Reading time: 15 minutes


26 years and still giggling

Coorg (aka Kodagu):

Coorg or Kodagu the well-known for the coffee that is grown here is located in the southern part of India, in the state of Karnataka. Known for the lush greenery and beautiful misty landscape nestled between green forests, Coorg is a must-visit for nature lovers.




Brief history: Following Coorg’s British annexation in the early 1830s, the region was directly under British rule until the Indian Independence in the late 1947. Coorg was recognized by the Indian Constitution as part “C” state and elected a government to assume office in the early 1950s with a chief minister of its own. In November 1956, the State of Coorg was amalgamated with the onetime state of Mysore, as part of a state reorganization. Now, the district of Coorg (Kodagu) is part of the state of Karnataka. Throughout the history of Coorg, no ruler has held direct sway over the region. Coorg has always been under the influence of local chieftains.

Uniqueness: The culture of Coorg has never been assimilated with the neighbours and has always maintained their unique identity. Coorgis have interesting cultural amalgamation. Even though Coorgis follow Animism and Hinduisms their marriages, birth celebrations are performed by a priest. A patrilineal tribe, the women are mostly educated and have rights and treated well. For example, widow remarriage have been an accepted social norm for a long time though in parts of India in certain sections people still raise their eyebrows over it. Guns have always been a part of their culture (for example there is a gun salutation when a son is born) though they hardly misuse it.

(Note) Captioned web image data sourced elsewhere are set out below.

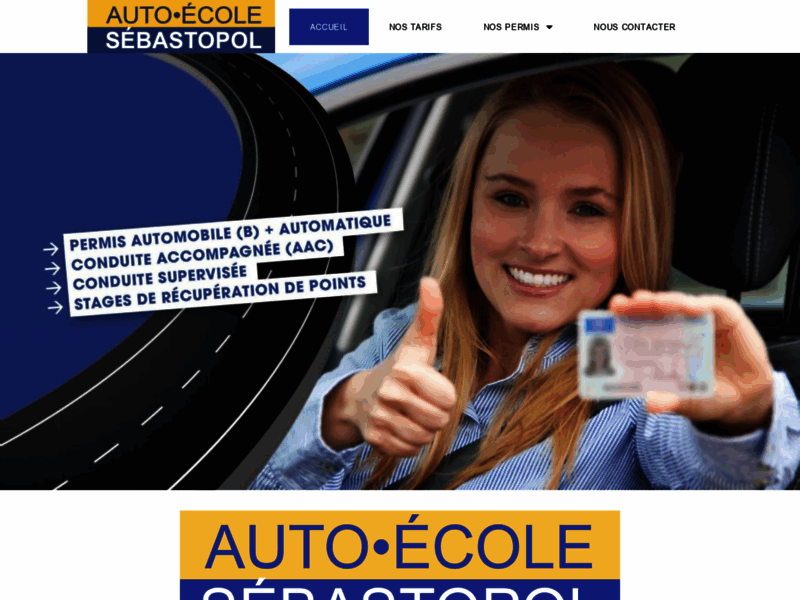 › Voir plus d'informations : Driving School Sébastopol
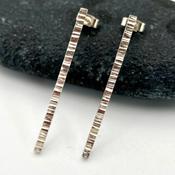 Handmade Sterling Silver “Dash 3” Earrings image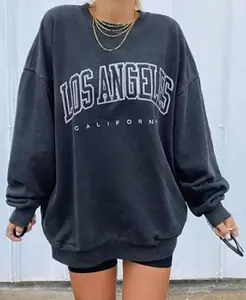 Women's Oversized Sweatshirt Los Angeles California Crewneck Long Sleeve Casual Loose Pullover Tops Comfort Fit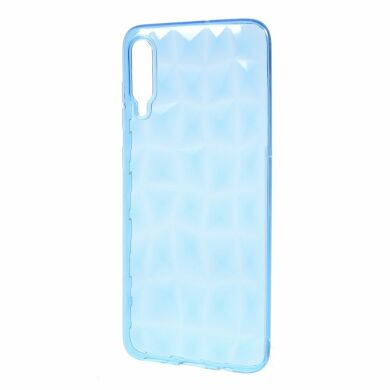 Силиконовый чехол Deexe 3D Diamond Texture для Samsung Galaxy A70 (A705) - Blue
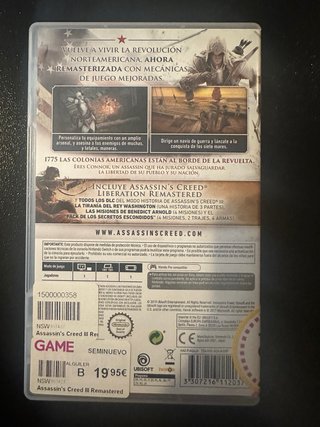 Assassin's Creed III Remastered Nintendo Switch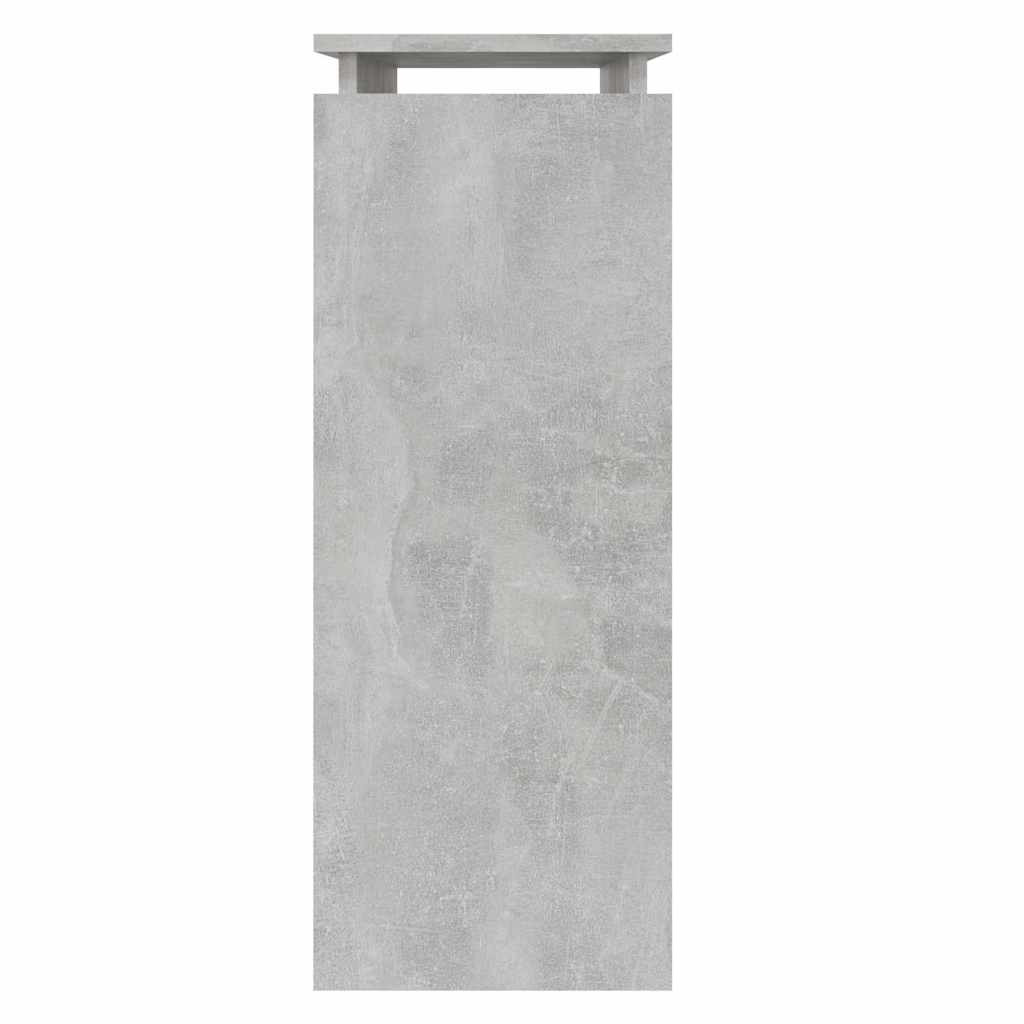 vidaXL Stolik konsolowy, szarość betonu, 80x30x80 cm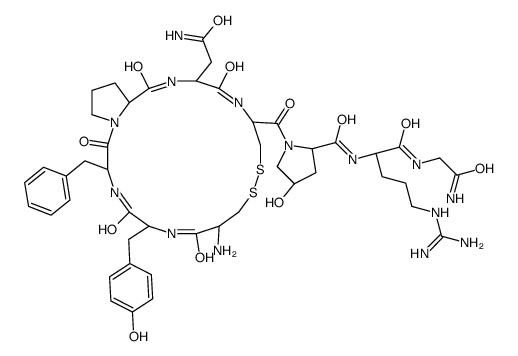 cas no 127-23-1 is (2S,4R)-1-[(3R,6S,9R,14R,17S,20S)-9-amino-17-(2-amino-2-oxoethyl)-3-benzyl-6-[(4-hydroxyphenyl)methyl]-2,5,8,16,19-pentaoxo-11,12-dithia-1,4,7,15,18-pentazabicyclo[18.3.0]tricosane-14-carbonyl]-N-[(2S)-1-[(2-amino-2-oxoethyl)amino]-5-(diaminomethylideneam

Coorgi women in traditional attire (Image taken from the net -Utsavpedia)

Best time to travel: This tranquil part of Karnataka, Coorg, can be a year round destination keeping the pleasant weather in mind. However end of September to April is recommended. We did a brave thing by visiting it during (in)famous Indian monsoon; in fact the red alert was sounded just after a day after we left. Certain areas in Coorg are low lying and gets flooded cutting off supplies and electricity so do check thoroughly before you make a monsoon plan.

Duration: A lot of travel sites and random people will suggest that it can be just a weekend gateaway from Bangalore. But if you truly want to explore Coorg and also relax (not one of those tourists who must tick all boxes within a 48 hours trip) then do plan a minimum 2N/3days or 3N/ 4days trip. You can take leisurely walks, trek, enjoy visits to the coffee and pepper plantations, visit nearby places of interest and have a wholesome short holiday.



Bangalore to Coorg: Coorg can be accessed from various parts of India by bus, trains and planes. Do check (and discuss with the place you will be staying) for the nearest station/ airport from your starting point.

I have always driven down from Bangalore, jotting down the route we took. Bangalore Nice Road – Kanakapura – Malavally – Mysore outer Ring Road – Kushalnagar (via Hunasur) – Madikeri.


Tobacco cultivation

We started at around 7.30 am, while it is great to start even earlier; we were not in a hurry and wanted a leisurely drive. The road conditions are mostly okay, as of mid-2019, and you have small villages and lots of greenery to feast your eyes. You should be able to reach Coorg within 6 hours (including lunch break). We stopped at Bylakuppe (one of the biggest settlement of Tibetans besides Dharamsala) and ended up spending nearly 2 hours. Bylakuppe in itself has a lot to offer, so if you have time in hand you can stop there for a day.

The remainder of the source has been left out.